Fistula Can Be Surgically Repaired
Now it feels like finally, after 12 years of waiting, I am getting the services I need.
—A 28-year-old woman from the Tigrinya tribe in Eritrea
Fistula cases require specialized surgery. Costs vary, but are usually well beyond the means of most women with fistula.
Fistula surgery is essentially the mending of a hole in the bladder or rectum. It can usually take place through the vagina without a major incision. Success rates can be as high as 90 per cent for experienced surgeons working in well-equipped facilities. But the operation is delicate, and specially trained surgeons and support staff are required. Two or more weeks of post-operative care is also essential.
Some women are so debilitated when they arrive for treatment that they need weeks or months of care before they are strong enough to undergo the operation. Sometimes women have also suffered nerve damage and need extensive physical therapy. Counselling to address emotional trauma and social support is often necessary for complete healing.
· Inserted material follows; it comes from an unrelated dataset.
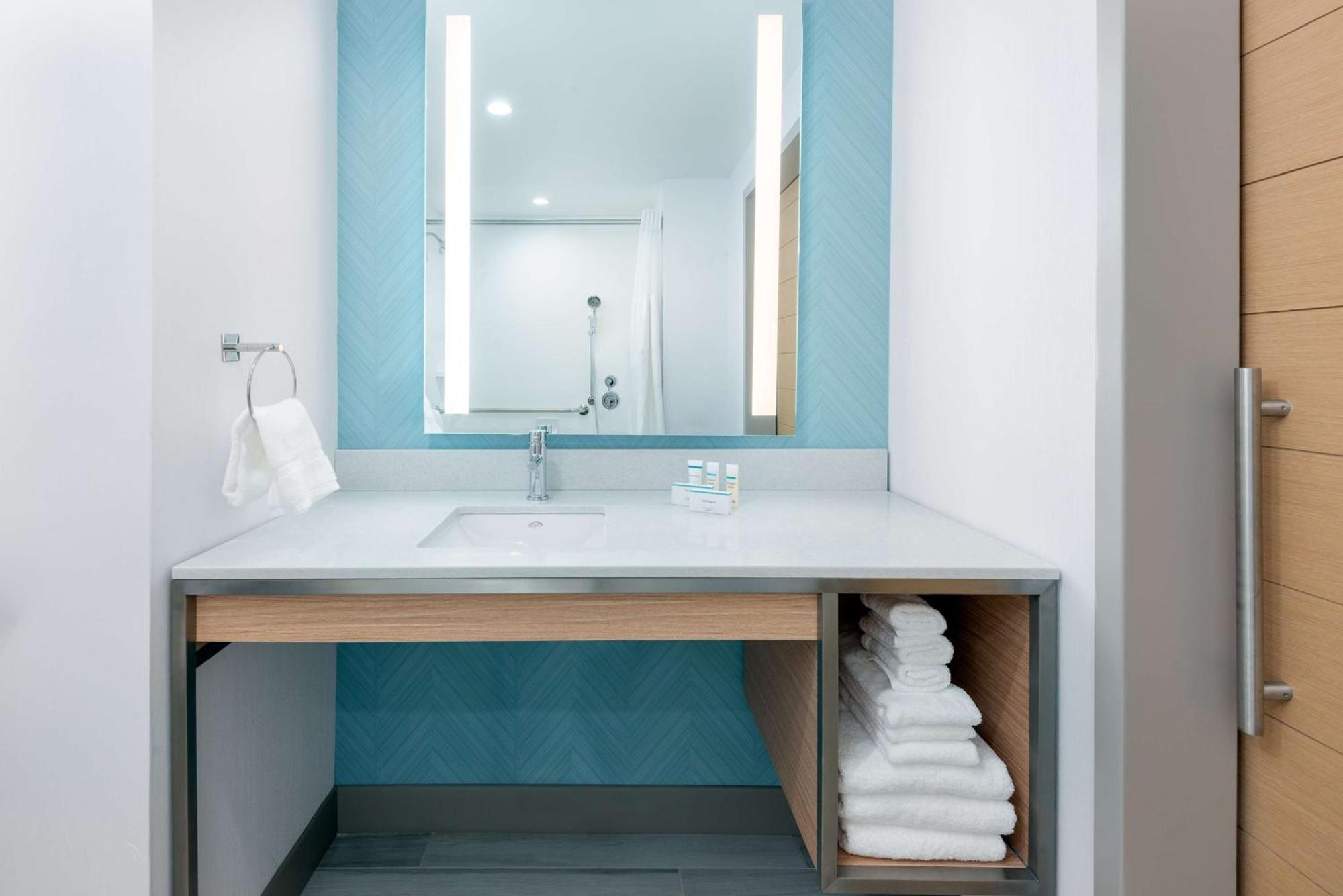 Hilton Garden Inn Panama City Airport, Fl エクステリア 写真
Many women with fistula also have suffered nerve damage to the legs and require extended physical therapy. In some cases, injury to the internal organs is so extensive that more than one surgery is required. Some women are so badly damaged that they cannot be cured, but need continual care. New surgical techniques are being pioneered to improve results and address more severe tissue damage.
Many of those who live with the condition do not know that treatment is available. Once they find out, many girls and women show remarkable determination in mobilizing scarce resources to get help. Sadly, this often means borrowing or selling land or precious assets.
Ina zauna a gida na ji labari mai kyau.
I sat confined at home until I heard the good news.
Na ce: Wayyo, iya! Sai ki ba ni ku' di.
I said, "My word, mother! Give me the money!"
—From a Hausa anthem used for building group identity among fistula patients
What the Campaign is doing
The Campaign supports all aspects of expanding treatment, from training doctors and nurses to equipping and upgrading fistula centres or wards.
The Campaign is also mobilizing funding to provide free or subsidized fistula repairs. And it has encouraged more networking among providers, which has led to the sharing of new treatment techniques and protocols.